The 1919 Act made provision for the Welsh Church Commissioners appointed by the Welsh Church Act 1914 to retain their positions, as initially their term of office had been intended to be shorter.

Although the 1919 Act addressed these administrative matters, it was chiefly required to address the impossible financial position in which the Welsh Church Commissioners found themselves in 1919. The Welsh Church Commissioners were required, under the terms of the 1914 Act, to compensate individual clergymen who were entitled to receive income from tithe rentcharge, by capitalising the value of future payments, based on their age and future life expectancy, and paying that sum to the Representative Body of the Church in Wales. (Note: The process may be more readily understood if one bears in mind that it is simply the reverse of what occurs when someone who is retiring purchases an annuity.) By 1919, due to the agricultural conditions prevailing during the First World War, the value of the tithe rentcharge had risen from £77 (per £100 nominal value of tithe rentcharge) to £136. Due to the financial conditions prevailing after the First World War, the rate of interest that the Commissioners would need to pay on what they would have to borrow to capitalise these payments had risen to over 5%. The changes in these figures meant that the original projections upon which the Welsh Church Commissioners had been intended to operate would no longer work, as they simply could not realise sufficient assets to make the capitalisation payments that they were required to make to the Representative Body.
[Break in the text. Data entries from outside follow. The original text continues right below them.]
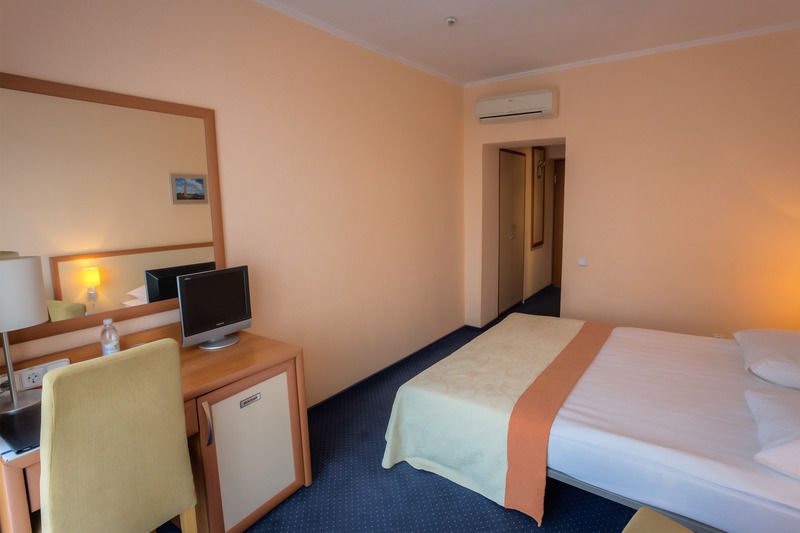 Intourist Hotel Zaporizhia Buitenkant foto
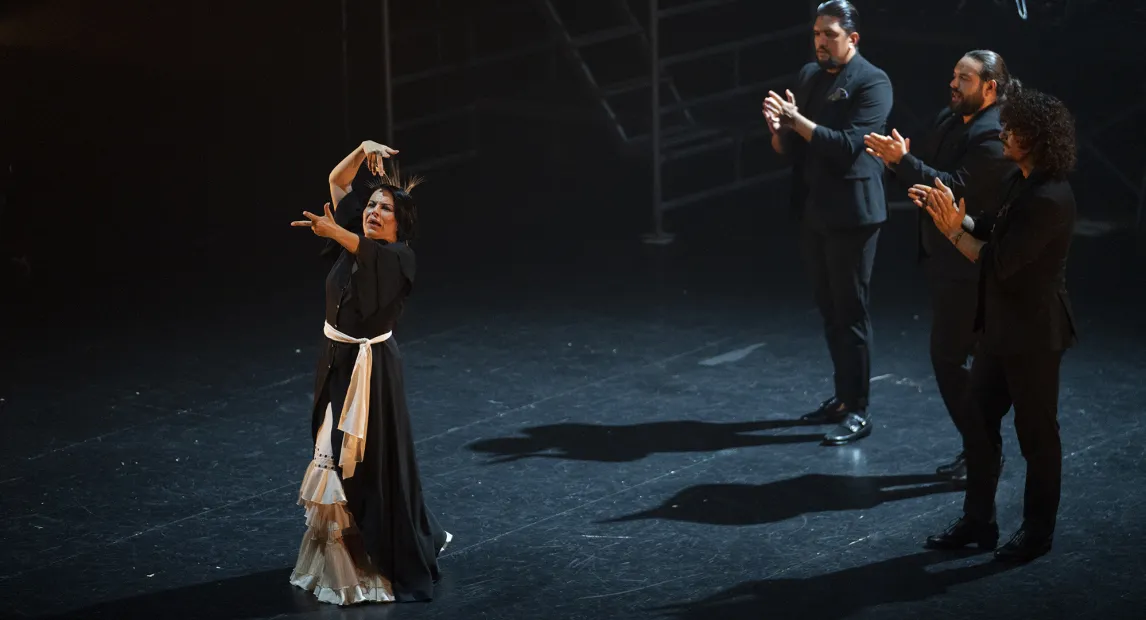 Mercedes de Córdoba - OLVIDADAS (A LAS SINSOMBRERO)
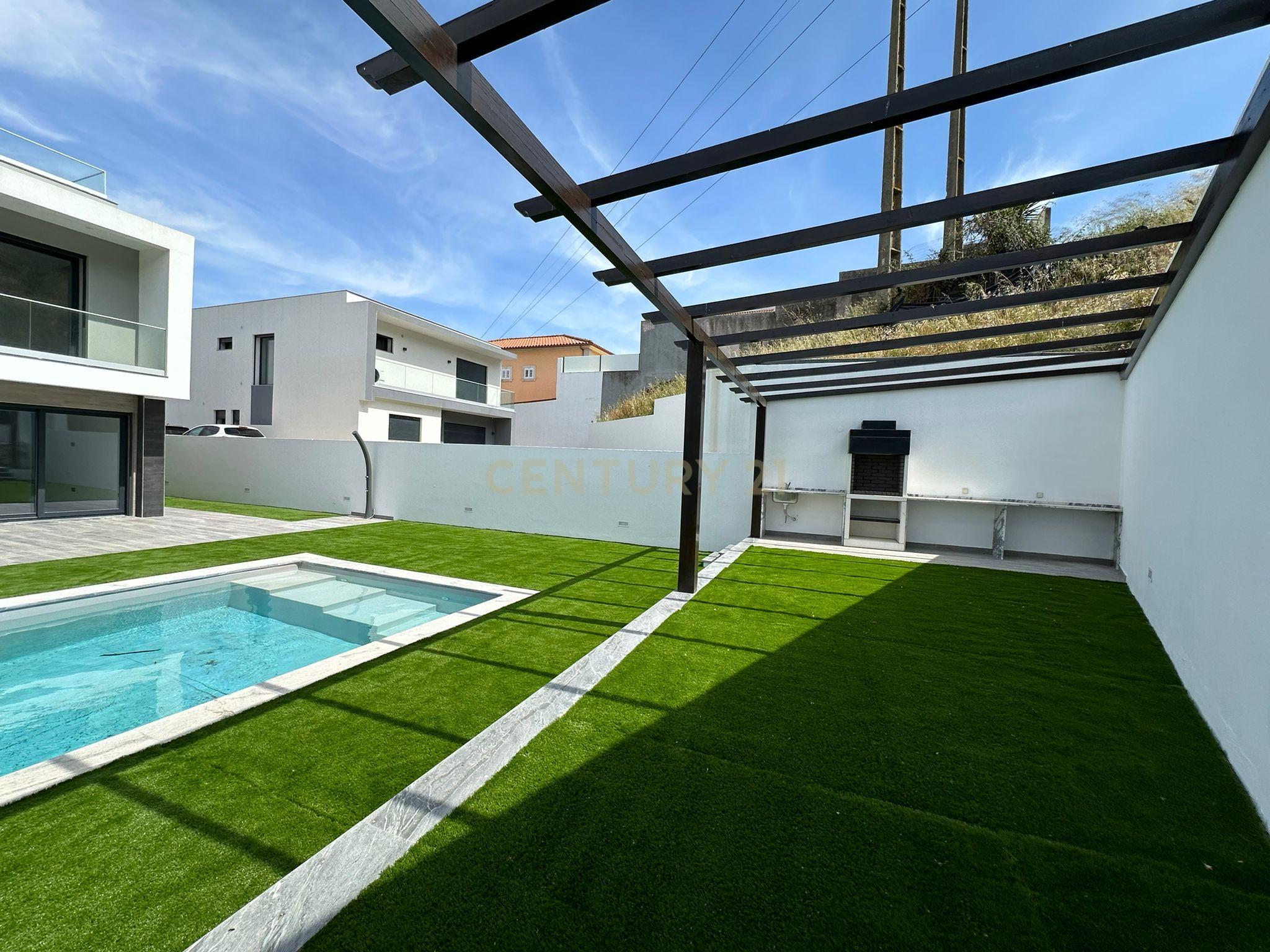 Moradia T5 de luxo com Piscina em Famões - Odivelas - Image 19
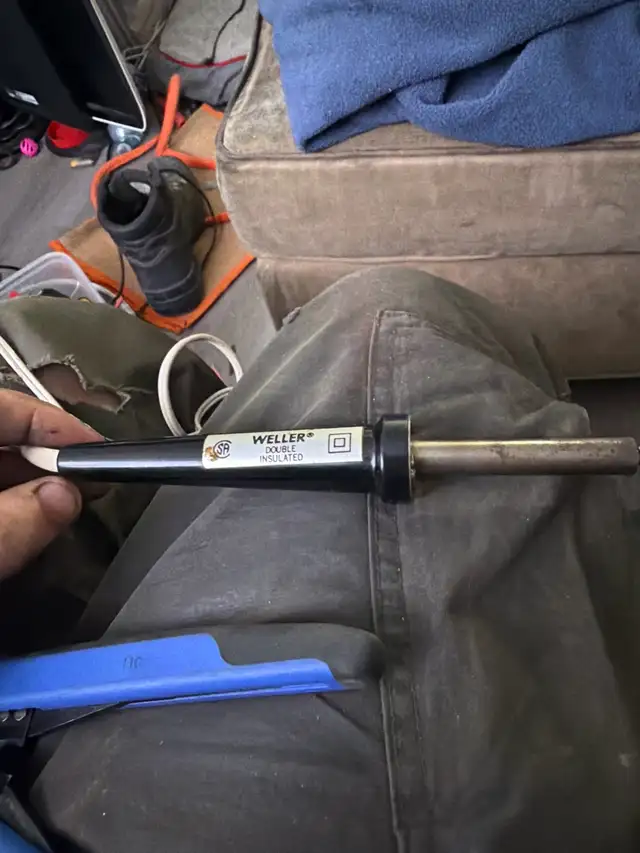 Old tools, scrap metal, and ant trapsother recyclable appliance - Photo 3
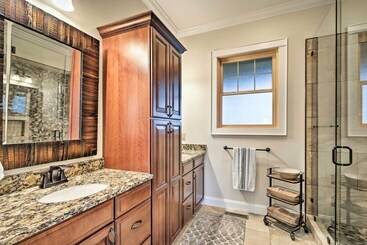 The Barn House: Caldwell Mtn Retreat W/ Hot Tub!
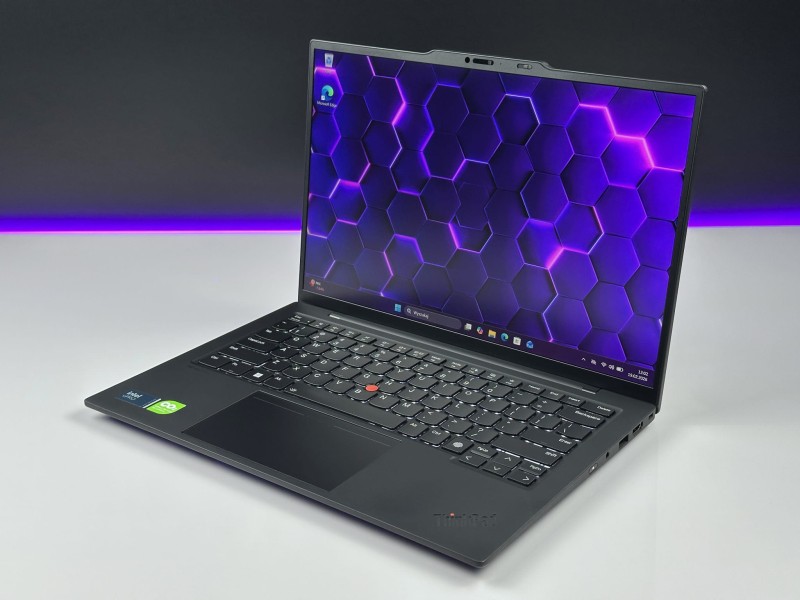 ThinkPad X1 Carbon Gen 12 z Ultra 7 165U, 64GB RAM i LTE zapewnia stały internet z karty SIM. Smukły laptop biznesowy 14” FHD+, klawiatura US.  (6).JPG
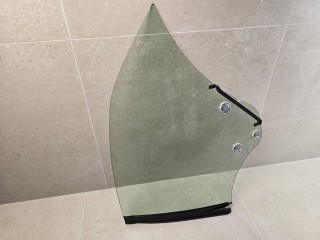 форточка в крыло левая Infiniti G 4 поколение [рестайлинг] 2013, 3.7 л., VQ37VHR, бензин, АКПП, черный, кабриолет, задний привод, 83301-JJ50A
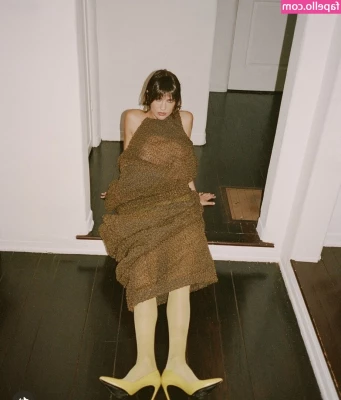 Shelley Hennig [ shelley-hennig ] - Enjoying a nice gar while I get sucked and fuck hubby.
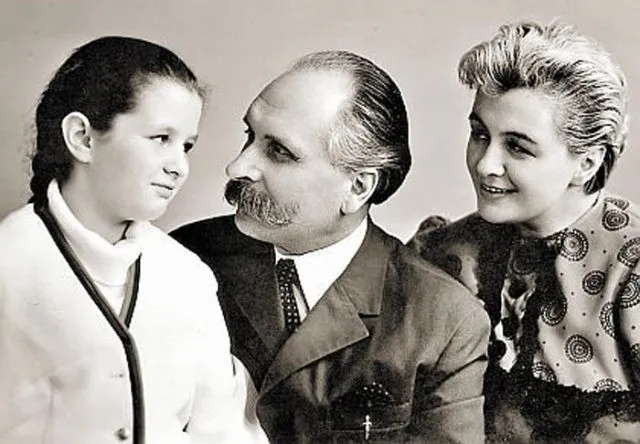 Ирина Шведова с родителями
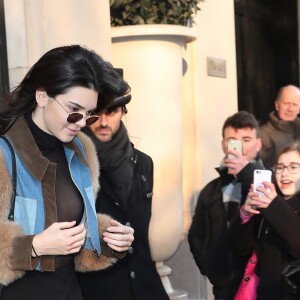 Kendall Jenner sort de l'hôtel George V à Paris pour aller faire du shopping chez Chanel, le 21 janvier 2017.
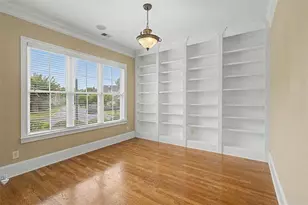 2327 Sandy Oaks Dr, Marietta, GA 30066 - Photo 8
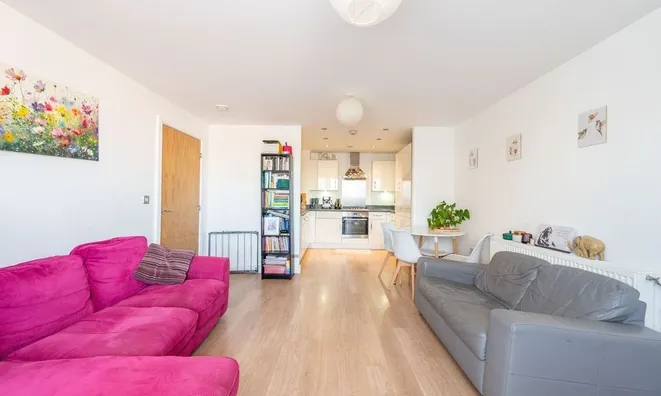 Недвижимость Flowers Close, Dollis Hill: 12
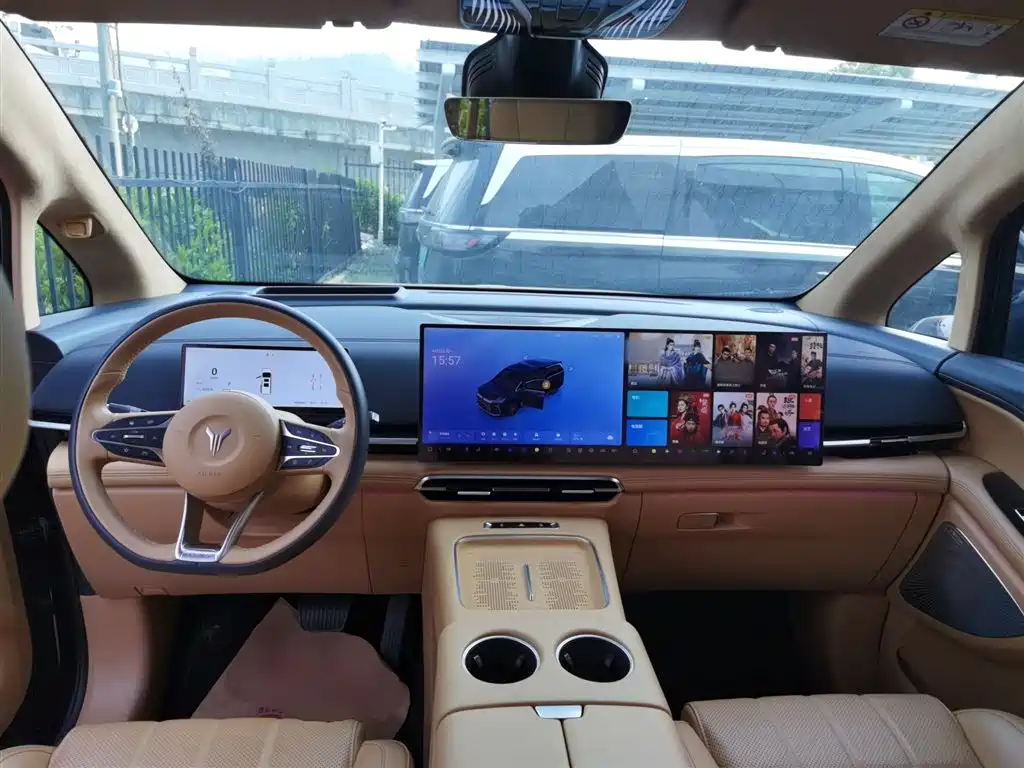 Voyah Auto Voyah Dreamer 2025 PHEV AWD Flagship Kunpeng Edition фото 10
The 1919 Act therefore “oiled the wheels” by providing for a once and for all outright payment of £1,000,000 from the Treasury to the Welsh Church Commissioners. A few hard-line pro-disestablishment Nonconformist Liberals such as David Davies, MP, and journalist and former Member of Parliament W. Llewelyn Williams opposed this partial re-endowment,
but the political situation had changed. Liberal MPs who had favoured disendowment, and Conservatives who had formerly opposed it, were now all supporters of Lloyd George's Coalition Government

By 1919 most Members of Parliament just wished to get disestablishment implemented. The 1919 Act effected only a partial re-endowment. It is difficult to compare the estimated figures from before the First World War with the combined effect of the 1914 and 1919 Acts. Bishop Owen of St David’s wrote a leaflet detailing the financial position that disendowment would place the Church in Wales in and the fact they could not appeal against it. He also stated that his desire that the disestablishment of the Church of England "...may never take place through the impatience or dissensions or indifference of English Churchmen." He estimated that the Church in Wales had lost an estimated £48,000 per year: considerably less than the loss of £173,000 per year predicted in 1914.

Despite separating the Church in Wales from the Church of England, the opportunity was taken to abandon the provision of the Welsh Church Act 1914 which would have assimilated the marriage law of the Church in Wales to that which applied in the Nonconformist Churches and the Roman Catholic Church, and which required (and still requires) that notice be given to the appropriate register office and the presence of a civil registrar at the ceremony.
Instead the 1919 Act provided for the legal right for people to be married in parish churches to be retained despite the Church in Wales no longer being an established church. The act also allowed for the banns of marriage to continue to be published in the Church in Wales the same way as had been the case when it had been part of the Church of England, thus avoiding the need for notice to be posted at the register office, or for marriages to be performed in the presence of a civil registrar.

== Amendments ==
Following the official disestablishment, several sections of the act were deemed to be spent and were repealed by the Statute Law Revision Act 1927 and the Statute Law (Repeals) Act 2004. The sections relating to disestablishment generally and retention of the rights of marriage still remain in force, although the former are covered mainly by the Welsh Church Act 1914.